Last week I decided I wanted to port Upward to the Playdate. So, now what? Well, other than creating a new Visual Studio Code project using my Playdate project template for Zig (shameless plug), the first thing I wanted to do is write out a list of questions to start with. Here are the questions I started with:

  1. What resolution is the game going to be in?
  2. What is the target framerate?
  3. Should I keep the PICO-8 API in the game code and write a small PICO-8 API implementation, or modify the game code to directly call out to the Playdate APIs?
  4. Should I use 16.16 fixed point numbers like PICO-8, or use floating point?
  5. What is the first thing I want to get on the screen?

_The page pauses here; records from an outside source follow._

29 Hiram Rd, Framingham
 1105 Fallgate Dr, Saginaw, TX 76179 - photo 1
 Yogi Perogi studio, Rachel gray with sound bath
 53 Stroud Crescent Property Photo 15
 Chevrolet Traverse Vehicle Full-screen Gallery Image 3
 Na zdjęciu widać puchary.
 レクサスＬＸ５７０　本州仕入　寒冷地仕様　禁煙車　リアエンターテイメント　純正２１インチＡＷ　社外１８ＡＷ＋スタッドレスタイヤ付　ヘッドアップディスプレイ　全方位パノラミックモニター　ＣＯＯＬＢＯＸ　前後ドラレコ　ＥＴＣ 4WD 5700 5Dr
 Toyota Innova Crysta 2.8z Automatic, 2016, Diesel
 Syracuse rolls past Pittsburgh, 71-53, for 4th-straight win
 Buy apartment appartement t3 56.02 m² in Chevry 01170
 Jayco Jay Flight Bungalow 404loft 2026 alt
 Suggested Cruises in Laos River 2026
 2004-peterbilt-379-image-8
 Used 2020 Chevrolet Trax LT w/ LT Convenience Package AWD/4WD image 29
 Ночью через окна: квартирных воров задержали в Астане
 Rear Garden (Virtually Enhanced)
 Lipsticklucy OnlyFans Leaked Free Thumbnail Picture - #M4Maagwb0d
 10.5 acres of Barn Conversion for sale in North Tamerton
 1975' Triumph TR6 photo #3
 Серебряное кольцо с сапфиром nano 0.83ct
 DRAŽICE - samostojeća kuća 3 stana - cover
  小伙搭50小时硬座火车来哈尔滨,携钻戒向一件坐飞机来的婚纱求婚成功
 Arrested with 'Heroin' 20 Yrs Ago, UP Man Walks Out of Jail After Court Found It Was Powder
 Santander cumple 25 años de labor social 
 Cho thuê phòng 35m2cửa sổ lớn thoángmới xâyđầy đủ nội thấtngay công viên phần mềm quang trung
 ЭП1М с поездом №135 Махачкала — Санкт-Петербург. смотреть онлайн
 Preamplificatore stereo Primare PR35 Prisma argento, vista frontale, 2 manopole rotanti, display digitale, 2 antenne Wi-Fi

The first question I wanted to tackle was the resolution question:

What resolution is the game going to be in?

PICO-8 has a resolution of 128×128 pixels (1:1 aspect ratio) and the Playdate has a resolution of 400×240 pixels (5:3 aspect ratio). With the aspect ratios being completely different, I had 2 choices:

  1. Just keep the resolution of the PICO-8 and stick the game in the middle of the screen and deal with the large border around it.
  2. Try to modify the graphics and levels to take advantage of the extra resolution

Choice 2. is probably the ideal choice, but unfortunately, that would take a significant rewrite of everything and the whole point of this project was to keep things manageable. So choice 1. it is. So lets see what a 128×128 view would look like on the Playdate:

Uhh, yea that’s a bit small. So what’s the highest resolution we can get to that would we can get to that would fit on the screen? Ideally, we’d like it to be a whole number multiple of 128×128. So, 2x? Well, 2×128 = 256, which _just_ over Playdates 240 pixel vertical resolution. That’s a shame.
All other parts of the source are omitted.